Salina
impianto per l'estrazione del sale dall'acqua del mare per evaporazione Da Wikipedia, l'enciclopedia libera
impianto per l'estrazione del sale dall'acqua del mare per evaporazione Da Wikipedia, l'enciclopedia libera
Una salina è un impianto per la produzione di sale marino da acqua di mare per concentrazione mediante l'evaporazione naturale dell'acqua. Un metro cubo di acqua salata contiene circa 30 kg di cloruro di sodio e quantità minori di altri sali.
Una salina è costituita da una serie di vasche in cui l'acqua evapora per l'irraggiamento solare. Nelle prime vasche, dette evaporanti, si concentra la soluzione, mentre nella vasca finale, detta salante, avviene la precipitazione del sale. Il rapporto ideale tra la superficie evaporante e quella salante per la fascia climatica del Mediterraneo meridionale è di 7:1.
L'acqua vergine (così viene chiamata l'acqua prelevata dal mare) viene immessa nella prima vasca normalmente con idrovore. La sua densità iniziale è di circa 3,5 gradi Baumé (°Bé) e quando raggiunge i 5 °Bé viene trasferita nella vasca successiva. In questa vasca la concentrazione aumenta fino a 11 °Bé e si cominciano ad avere i primi precipitati, di cui il più significativo è il carbonato di calcio. Nella vasca successiva, attorno ai 20 °Bé precipita il solfato di calcio, poi nella quarta vasca evaporante raggiunge i 25,7 °Bé perdendo tutte quelle impurità che erano presenti nell'acqua vergine.
Inviata, infine, nella vasca salante, l'acqua, a questo punto chiamata acqua madre, è satura di sale e comincia il suo processo di deposizione del cloruro di sodio sul fondo dei bacini. La densità arriva fino a 30 °Bé. Oltre questa densità le acque madri vengono riversate in mare oppure in altri bacini per l'estrazione di altri sali.
Sul fondo del bacino rimane uno strato compatto di sale di 10-20 cm che deve essere frantumato e raccolto. La stagione di produzione del sale va da aprile a settembre.
A partire dai 15 °Bé e fino ai 30 °Bé (zona salante) l'acqua può assumere una colorazione rossastra dovuta alla presenza di una particolare micro-alga: la Dunaliella salina, in grado di vivere in questi ambienti ipersalini, che conferisce questa colorazione variabile con la densità e va dal rosa tenue al rosso mattone.

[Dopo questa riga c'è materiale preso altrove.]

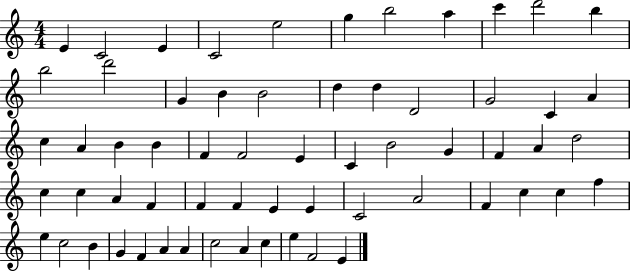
{
  \clef treble
  \numericTimeSignature
  \time 4/4
  \key c \major
  e'4 c'2 e'4 | c'2 e''2 | g''4 b''2 a''4 | c'''4 d'''2 b''4 | \break b''2 d'''2 | g'4 b'4 b'2 | d''4 d''4 d'2 | g'2 c'4 a'4 | \break c''4 a'4 b'4 b'4 | f'4 f'2 e'4 | c'4 b'2 g'4 | f'4 a'4 d''2 | \break c''4 c''4 a'4 f'4 | f'4 f'4 e'4 e'4 | c'2 a'2 | f'4 c''4 c''4 f''4 | \break e''4 c''2 b'4 | g'4 f'4 a'4 a'4 | c''2 a'4 c''4 | e''4 f'2 e'4 | \break \bar "|."
}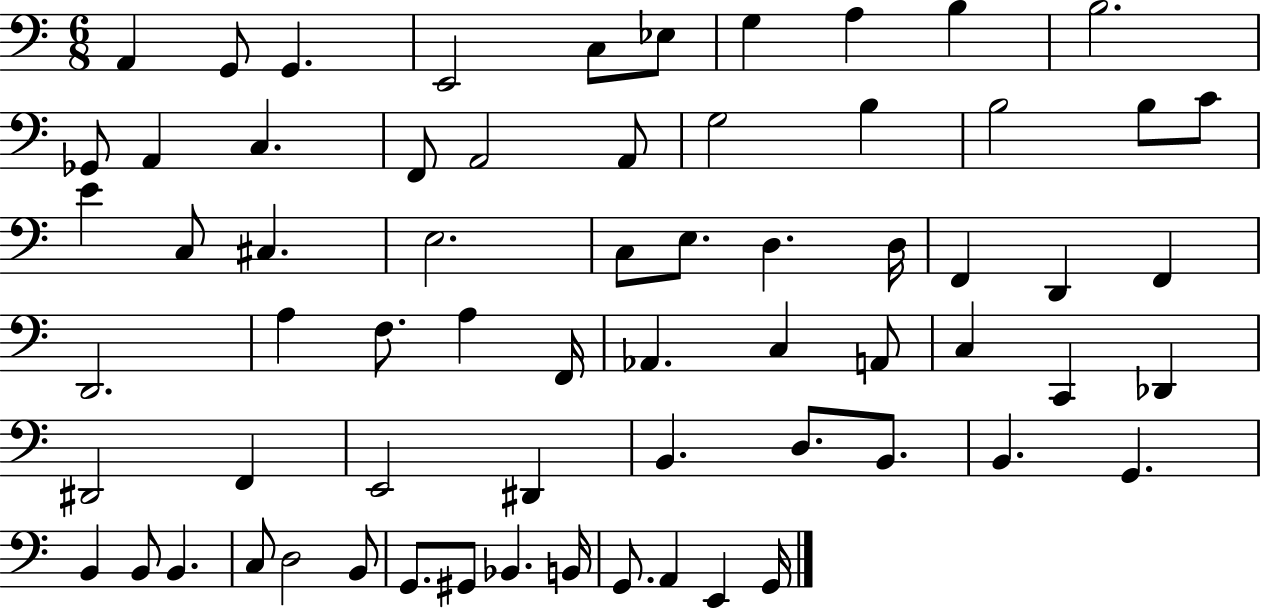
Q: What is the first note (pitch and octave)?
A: A2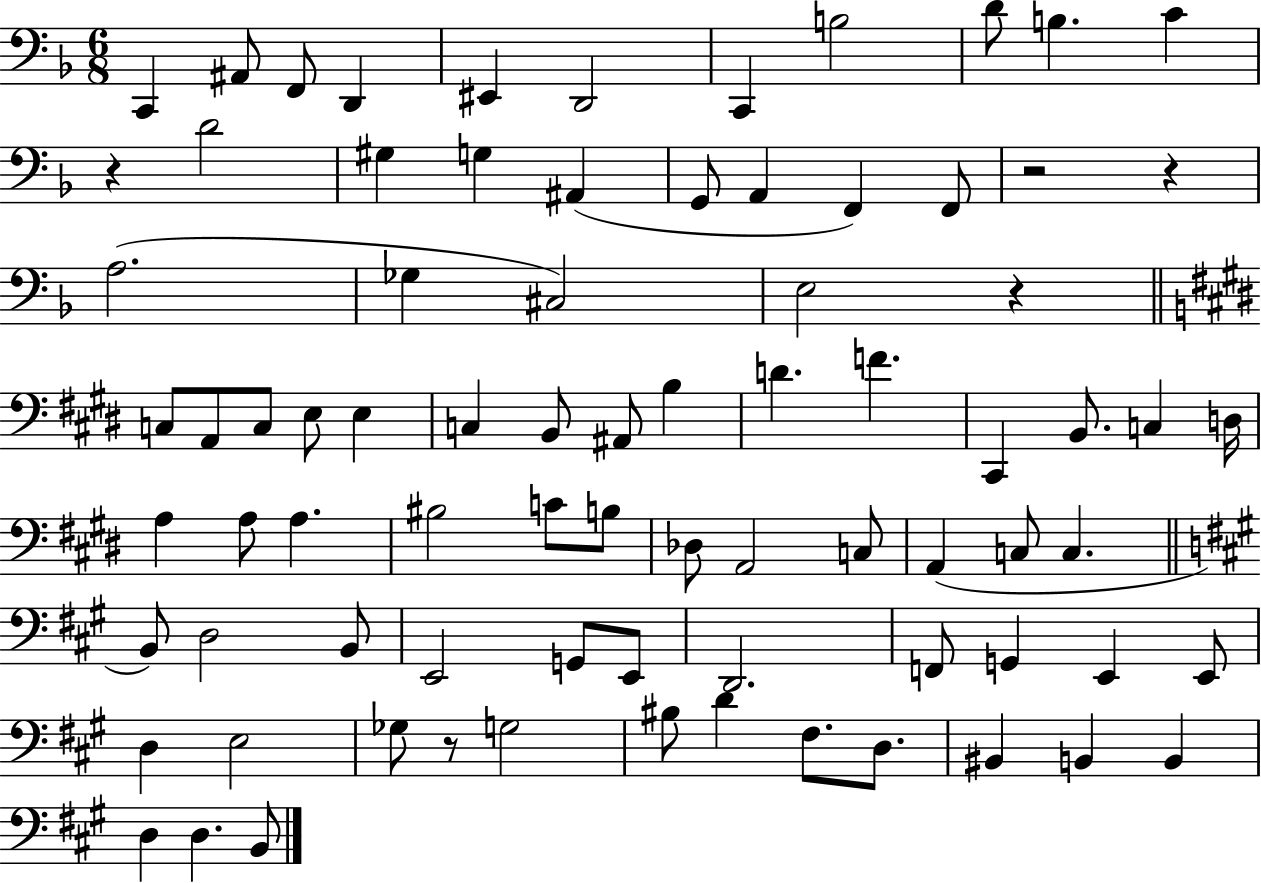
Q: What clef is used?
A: bass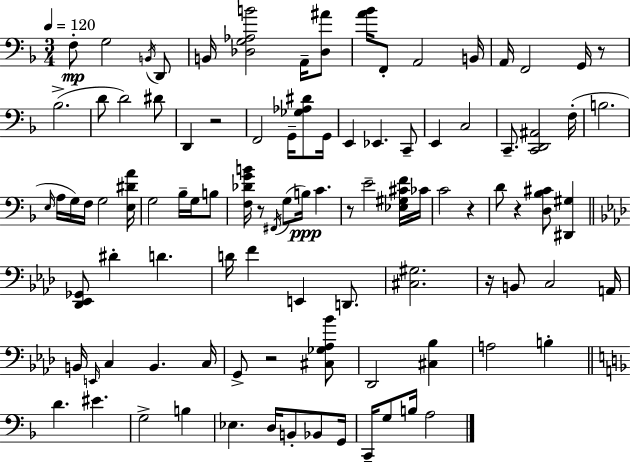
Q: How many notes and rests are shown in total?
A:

Gran parte delle saline sono state create dall'uomo in aree pianeggianti, topograficamente non rilevate rispetto alla quota del mare, naturalmente caratterizzate dal ristagno di acque salmastre di aree costiere, come le saline coltivate a Margherita di Savoia in Puglia (le più grandi d'Europa), quelle di Cervia sulla costa romagnola, quelle attive di Trapani, in Sicilia e Cagliari, in Sardegna oppure Camargue in Francia.
In queste aree, per secoli, l'attività di produzione di sale ha costituito una fonte di lavoro e reddito per le popolazioni locali.
Molte saline, oggi abbandonate in quanto non più economicamente produttive, sono state trasformate in riserve umide naturali, caratterizzate da una gran quantità di animali, principalmente uccelli, legati a questo particolare ecosistema, divenendo ricercate mete di turismo naturalistico e amanti di birdwatching.
Le saline costituiscono inoltre l'habitat di differenti forme di vita adattatesi a condizioni di estrema salinità. Tra queste meritano un menzione i Chironomidi, ditteri le cui larve di colore rosso vivono sui fondi limosi delle vasche contribuendo alla loro colorazione, e Artemia salina, piccolo crostaceo che, nutrendosi di alghe e detriti, contribuisce a mantenere limpida l'acqua, facilitandone l'evaporazione. Assieme ad anellidi, molluschi ed altri insetti e crostacei sono un anello fondamentale della catena alimentare delle saline, costituendo una fonte di nutrimento per i numerosi uccelli presenti.[1]